Course title:
“Learn AI-powered Python programming”
What sparked the thought for the course?
Generative AI is really good at computer programming – to the purpose where the way in which we teach and assess students learning to code needs to vary.
We used to provide students dozens or tons of of small, focused programming tasks through which we learned every aspect of the syntax—the words and symbols—of programming. This worked well as a start line, except now generative AI tools can solve all of those problems. Educators can attempt to ban these tools (good luck with that!) or embrace them. We decided to incorporate them in our recent course, where students learn to code – supported by a generative AI assistant.
What will likely be examined within the course?
The course reimagines what learning to code means now that generative AI is out there to unravel more of the low-level syntax problems which have slowed and frustrated students previously. The more students struggle with tricky syntax details, the less time and energy they’ve to attain their program-related goals, comparable to: B. starting a business, writing apps for social causes, or contributing to projects which are meaningful to them.

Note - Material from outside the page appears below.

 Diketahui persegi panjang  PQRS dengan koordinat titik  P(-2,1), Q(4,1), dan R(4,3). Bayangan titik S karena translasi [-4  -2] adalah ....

Generative AI allows us to give attention to more invaluable, sophisticated skills that students have to turn out to be effective programmers. For example, generative AI struggles to unravel large problems; We still need humans to interrupt these problems down into bite-sized pieces – a process often known as problem decomposition – and which AI can solve each well. People are still needed to check the code to be sure that it does what it was intended to do and to be sure that the code is designed to assist, not harm, society and its vulnerable groups.
Why is that this course relevant now?
Many skilled programmers have already introduced generative AI tools and are using them to make their every day work more efficient. If the goal is to organize students for these tasks, teachers must train them to make use of these recent tools.
Perhaps more importantly, students' options in introductory courses are changing. With a more powerful tool comes a capability to operate at higher, more efficient levels. These tools save people time.
What is a crucial lesson from the course?
An necessary lesson is that while generative AI is impressive, it’s also fallible. You can't just ask for code and assume the code you get is ideal. It may not do the suitable thing. It can result in errors, or bugs. This could cause safety concerns. It can exclude underrepresented groups or discourses. You have to critically examine the code you get through generative AI.
What materials does the course include?
The course is predicated on our recent book “Learn AI-powered Python programming.” The book reimagines an introductory course in programming within the context of generative AI tools.
The essential tool utilized in the book and our course is named GitHub Copilot, which is like ChatGPT for programmers. Students use Copilot from day one. They create complete apps: apps to automate tedious, error-prone tasks; computer games; even an app to guess who wrote a novel whose creator could also be unknown. To ensure students still learn the fundamentals, the book teaches tips on how to understand the code that generative AI creates.
What does the course prepare students for?
Some students take an introductory programming course to start their computer science major. For these students, we proceed to show foundational skills like reading code and testing code, but now we're also introducing the higher-level skill of problem decomposition so students can solve larger problems than ever before.
However, nearly all of students in this system study other disciplines comparable to sociology, psychology, economics, engineering and natural sciences. The course prepares these students to make use of generative AI to spice up their careers through programming.